__Supplied entries__.
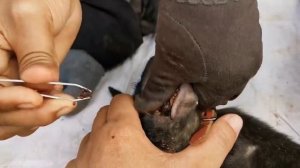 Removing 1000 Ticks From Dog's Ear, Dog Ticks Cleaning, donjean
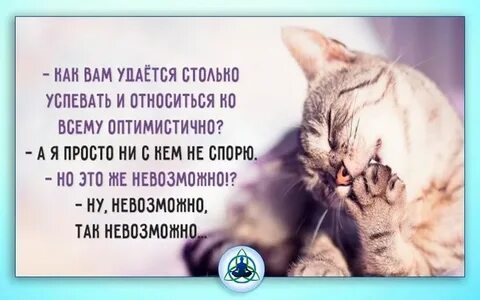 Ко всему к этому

--

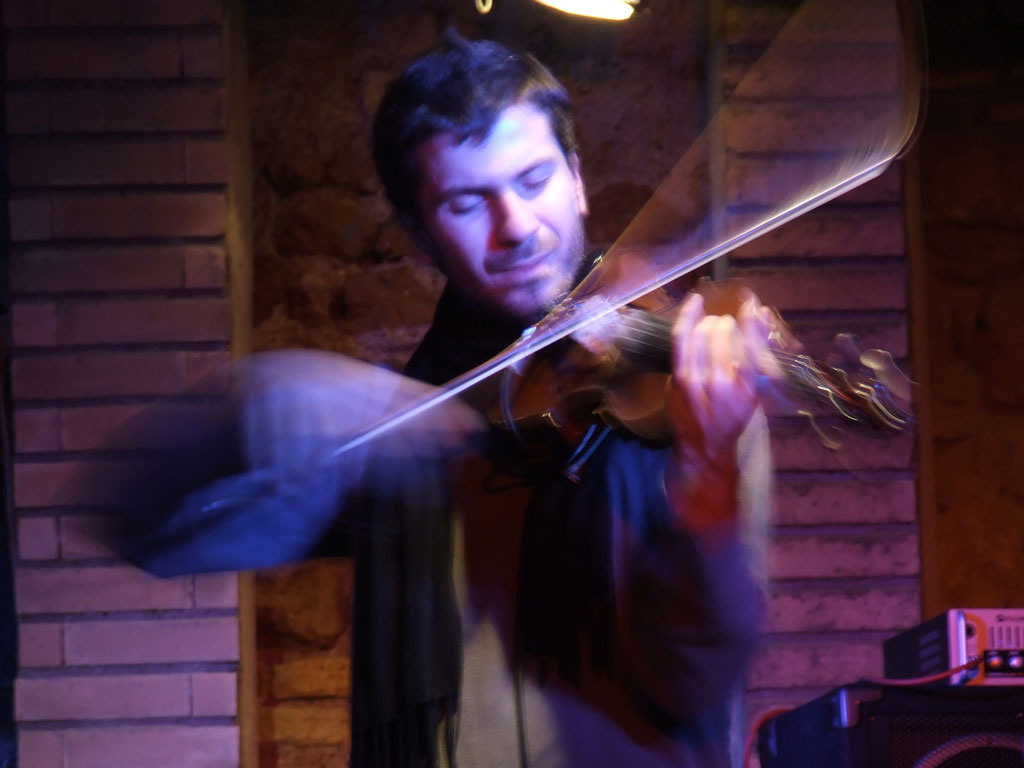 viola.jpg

__Problem description__.
Return exactly the lines that appear in the data above between the line containing "Removing 1000 Ticks" and the line containing "Ко всему к этому", both of which are included, and leave the pictures out.

__Result__.
 Removing 1000 Ticks From Dog's Ear, Dog Ticks Cleaning, donjean
 Ко всему к этому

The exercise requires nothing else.